Because it’s nice out, I decide to go to Z’s campus midday, write in the library, and meet him after work. I have a couple of errands to run nearby, so I load up my bag with my computer, a pad of paper, five pens I won’t use, and the promise that if I don’t stop at Cupcake Royale, I’ll let myself buy something (another pen or notebook) in the campus bookstore before I get to work. I run my errands, wave at Z when I pass his office window, and make my way past the grassy expanse where a delightful array of neighborhood dogs races around, happy to be dogs outside with other dogs. This is perhaps—with the exception of Puget Sound or Lake Washington—the happiest spot in all of Seattle to me, and whenever I see well-loved and well-behaved dogs frolicking here, I pray that campus security will continue to turn a blind eye to the flagrant off-leash rule breaking because it’s good for my soul.

The campus is busier than it has been all summer, and as I zip into the bookstore and see the line, I remember why: it’s the first day of classes.

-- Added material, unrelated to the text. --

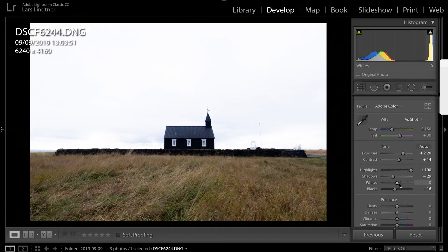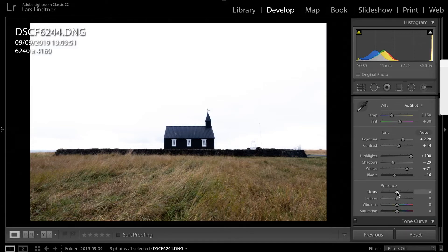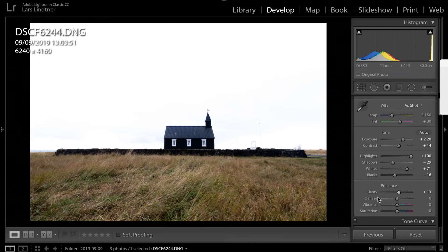To finish the job, I'm also going to increase my whites — not quite as much, but something like that. And I'm actually going to add some clarity, just so you can get more of the detail in the grasses in the foreground, and maybe bring back some more color in the scene.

Of course. I won’t be buying any unnecessary writing equipment today because the queue for textbooks snakes around the store. When I go outside, it finally registers that these are students making the campus more lively than it has been for months.

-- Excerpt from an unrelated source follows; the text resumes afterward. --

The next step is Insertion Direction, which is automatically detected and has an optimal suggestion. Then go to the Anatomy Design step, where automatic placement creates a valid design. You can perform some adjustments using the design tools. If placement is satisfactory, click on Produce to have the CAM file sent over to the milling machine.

And then it hits me: this is the first fall in eighteen years that I haven’t had my own classes to teach.

Z’s campus has never been mine. My teaching was in Indiana in my hometown. Though in my youth, I’d probably had fantasies about teaching at some tree-covered east coast college, as an adult, I never really imagined teaching anywhere else. I loved working in a place where I knew and understood the community as well as I knew myself. I loved teaching the children of people I’d gone to high school with. I loved walking across campus or running to that bookstore or library and saying hello to ten different people I’d known for years. It was my home.

But I wasn’t counting on Z or how he is my real home even if his GPS coordinates and the coordinates of my hometown are two thousand, three hundred and seventeen miles apart.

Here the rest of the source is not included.